3. Check your trees for dead branches
Checking your trees and removing any dead branches in the fall will ensure you remove any branches that could fall during the winter. Even though the branches may have held up before, the dead or loose branches likely won’t hold up during a rainstorm. You’ll also want to trim branches near windows, even if they’re healthy, to keep them from scraping against the glass on windy days.
4. Tune up your heating system
It may not snow where you live in California, but you still don’t want to wait until the last minute to realize there’s something wrong with your heater. There's nothing worse than stepping out of the shower to a cold bathroom, only to find out that your furnace is on the blink. A straightforward way to check it is to turn it on to test that it works properly. Once you hear the heat click on, let it run for a few minutes. To ensure your heating system is in the best possible shape, you can also have a professional technician inspect it for around $100. It’s worth the investment to have the peace of mind that your furnace is ready to keep your family warm during the winter.
5. Inspect your fireplace
If you plan on spending the winter cozying up by the fire in your family room, remember that many hazards can make a fireplace unsafe. Since you only use the fireplace at certain times of the year, it's essential to have it inspected annually, even if you don't use it often. Inspecting your fireplace involves an outdoor and indoor inspection, ensuring nothing hinders the airflow. If you have a wood-burning chimney, hire a chimney sweep to inspect it, clean it out, and ensure it's ready for the winter season. Gas fireplaces are an excellent way to heat a great room or home office and often require less maintenance but still need an inspection each year.

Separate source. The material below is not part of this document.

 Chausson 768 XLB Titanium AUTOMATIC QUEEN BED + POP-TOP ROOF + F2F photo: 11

6. Reverse your ceiling fans
Most people aren’t thinking about using their ceiling fans in the middle of winter. However, reversing the direction of your ceiling fans and running them during the winter can lower your energy costs. Switching the direction of the blades forces the warm air near the ceiling back down, helping the room warm up. This redirection of the warm air means your thermostat won’t work as hard to warm the room, saving you money on your electric bill.

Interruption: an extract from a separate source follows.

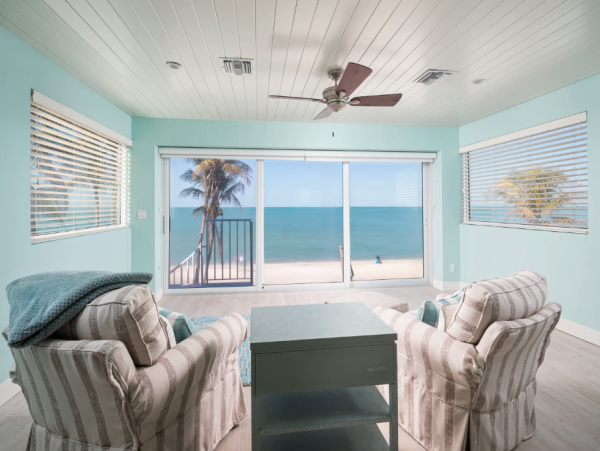 Luxury Beachfront Retreat on Bonita Beach - Unforgettable Family Getaway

7. Test your smoke and carbon monoxide detectors
Aside from lighting a fire in your home, there are plenty of other fire hazards during the wintertime. Many fires occur yearly due to misplaced decorations, so it’s crucial to test your smoke detectors. You’ll want to inspect your carbon monoxide detectors. These detectors can warn you of high levels of carbon monoxide in your home, which typically comes from fuel-burning appliances or fireplaces.
8. Remove gas from small engines
Leaving gas in small engines, such as those in your lawn mower or weed wacker, can gum up the carburetor and rust the inside of the engine. Emptying the gas to keep your engines safe should be part of your winter preparation. Once you remove the gas, you may want to continue maintaining and cleaning it to make it a part of your annual routine in the fall.
9. Consider buying a generator
Emergency generators are a great tool to have year-round, but especially during the winter when there’s a higher likelihood of power outages due to rainstorms and other weather-related issues. An emergency generator can help you keep your heat, kitchen fridge, and lights running in case you lose power. The size you need will depend on what you plan to keep running since each appliance will use a different amount of energy.
Prepping your home for winter should be a part of your fall routine. The sooner you prepare your home, the more time you’ll have to take care of any unexpected repairs that need your attention. Winter can be the most wonderful time of year when your house is ready for the change in weather.